I left the school and began the mile-long trek back to our apartment (we would not buy our first car, which we are still driving, for another six months), when a car pulled up and offered me a ride. The driver was an English-speaking woman with a daughter in my first-grader’s class who had made aliyah many years before us.
When she asked how everything was going, I burst into tears and spent the next half hour crying in the front seat of her car as she consoled me and promised that our life in Israel would only get better.
Ten years later, my youngest daughter has just entered first grade. She arrived in the classroom with her pink orthopedic backpack filled with the proper school supplies.

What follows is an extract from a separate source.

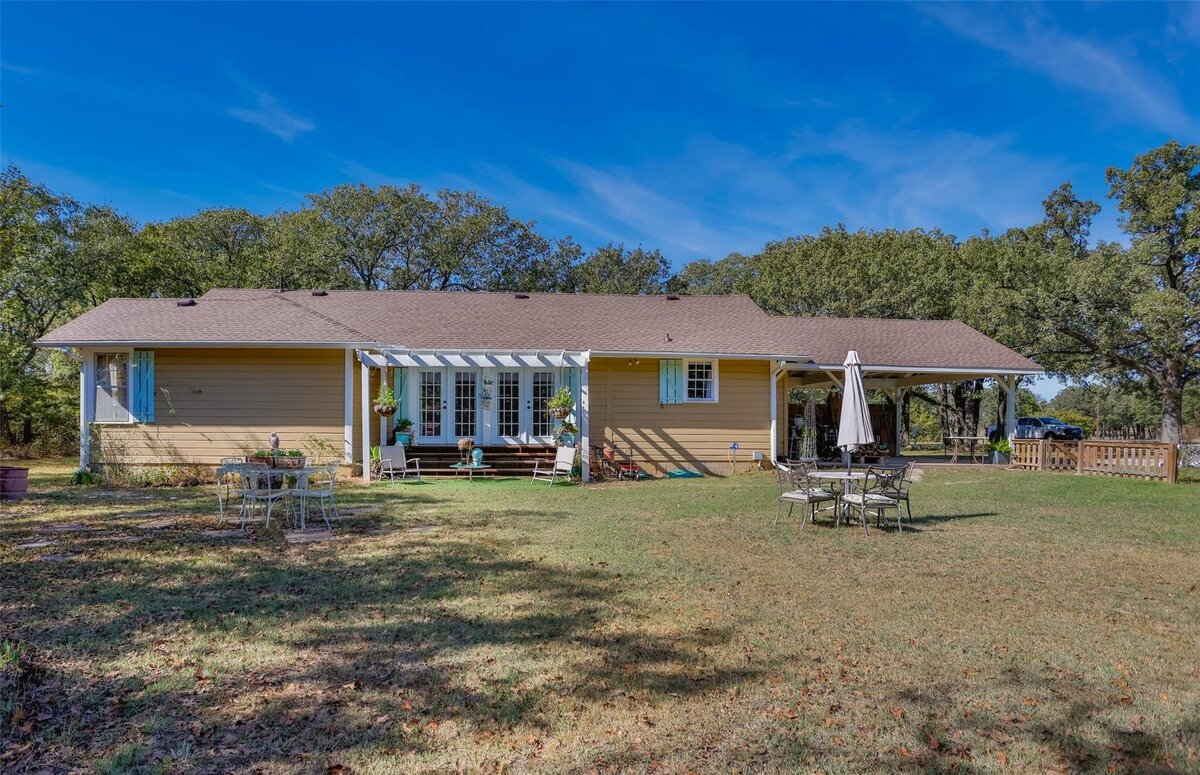 Home on 16 acres for sale in Collinsville, Texas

Israeli born, she speaks perfect Hebrew and English.
My five children all started school this month with confidence and the proper supplies. This time, we all know what we’re doing.
My oldest daughter, now in the 11th grade, speaks, dresses and acts like a native Israeli. Though she remembers the trauma of that first year, she is acing her studies and has a packed social life. And the woman whose front seat I dampened with my tears is now one of my closest friends in Israel.
As my family and I mark our 10th anniversary in Israel, I am overcome with mixed emotions.
It wasn’t easy to pack up and leave our family and friends to come here, though we were greeted by both family and friends when we arrived. It was not easy to adjust to a new culture, a new language, a new way of life.
But we knew Israel would be the best place to raise our Jewish children, where they would learn about their Jewish past, participate in their Jewish present and prepare for their Jewish future, and where we would have a front-row seat to Jewish history.
During our “Living in Israel” workshops in Cleveland before we made aliyah, a Clevelander who dedicated her life to helping Jews make aliyah, though she never did, told us again and again that it would not be easy here. But if you can make it, Shirley Goodman always added, it will be worth it. It was a mantra that she drilled inside my head, and one that I whisper to myself even now, when the going gets tough.
Much has changed in 10 years. A decade ago my mother and I began by e-mailing each other every day; today we speak daily on an Internet phone. I have a Cleveland phone number, allowing relatives and friends to call me without worrying about the cost. But besides the daily calls to and from my mom — my father died 2 1/2 years ago — that phone does not ring much.
I have accepted that I am not part of the daily fabric of our American family and friends’ lives. We still remain close, but it is a different kind of close — one that is very far away.
Learning Hebrew has been a struggle for me. With my dearth of Hebrew language skills, my Midwestern accent and my lack of Middle Eastern aggressiveness, Israelis on the street often ask me how long I have been here. When I answer, sheepishly, that it has been 10 years, they wave their forefinger in front of my face and cluck their tongues, reprimanding me for my poor Hebrew. My kids speak perfect Hebrew, I assure them.
While I can get through a shopping trip, and even an elementary school open house, having a protracted conversation with an Israeli neighbor still eludes me. Hence, most of my close friends in Israel remain Anglos.
We moved to the West Bank community of Karnei Shomron because my husband’s three sisters and their families already lived here. No absorption center could have made us feel as welcome as they did, and continue to. It didn’t take us long to realize it wasn’t just any new home community.
Shortly after the first anniversary of our aliyah, on our way home from the Israeli city of Kfar Saba for a celebratory dinner, we were caught in a one-hour traffic jam on the two-lane highway that leads to our community. Ten minutes ahead of us, a family from our neighborhood driving a minivan similar to ours had been attacked by Palestinian snipers, leaving the pregnant mother of five dead and her husband and oldest daughter in wheelchairs.
The second Palestinian intifada had began less than two months after our aliyah, and the fact that I could not understand the Hebrew news and had limited Internet access served me well. If I had known during that first year of our aliyah how bad things really were, I probably would have turned around and fled back to Cleveland. Instead, our neighbors called us brave.
Since then we have witnessed evacuation from the Gaza Strip, wars in Lebanon and Gaza, and a host of peace initiatives. Recently, with the relaunch of direct peace talks between Israel and the Palestinians, attacks on our road, which have waxed and waned over the years depending on the political situation, again have increased.
Every time I return to Cleveland for a visit, some well-meaning friend asks me when we are going to finish up in Israel and “come home.” I usually just smile and change topics.
It is hard to put into words that as much as I love the United States, we come home to Israel. It’s not just that this is the Jewish homeland; it’s where we have moved our lives.
It amazes me that immigrants from the United States are still coming — 3,350 from September 2009 until this September alone. They come, even as we face our most serious water shortages ever, as our political leaders are investigated on corruption charges left and right, as Hamas gains power on our southern border and Hezbollah on our northern border, as we hold our collective breaths and wonder which direction the current peace talks with the Palestinians will take.
In the days leading up to our aliyah’s 10th anniversary, we hosted for Shabbat dinner a family that had just made aliyah to our community. In their voices I could hear the stress and panic, as well as the excitement and hope. I cannot imagine doing it all over again.
This week I took my oldest child, my 16-year-old daughter whose first-grade year was so tough on both of us, to get her te’udat zehut, or national identity card. Next to her smiling picture, her card identified my husband and me as her Israeli parents. The card represents a victory of sorts. We did it.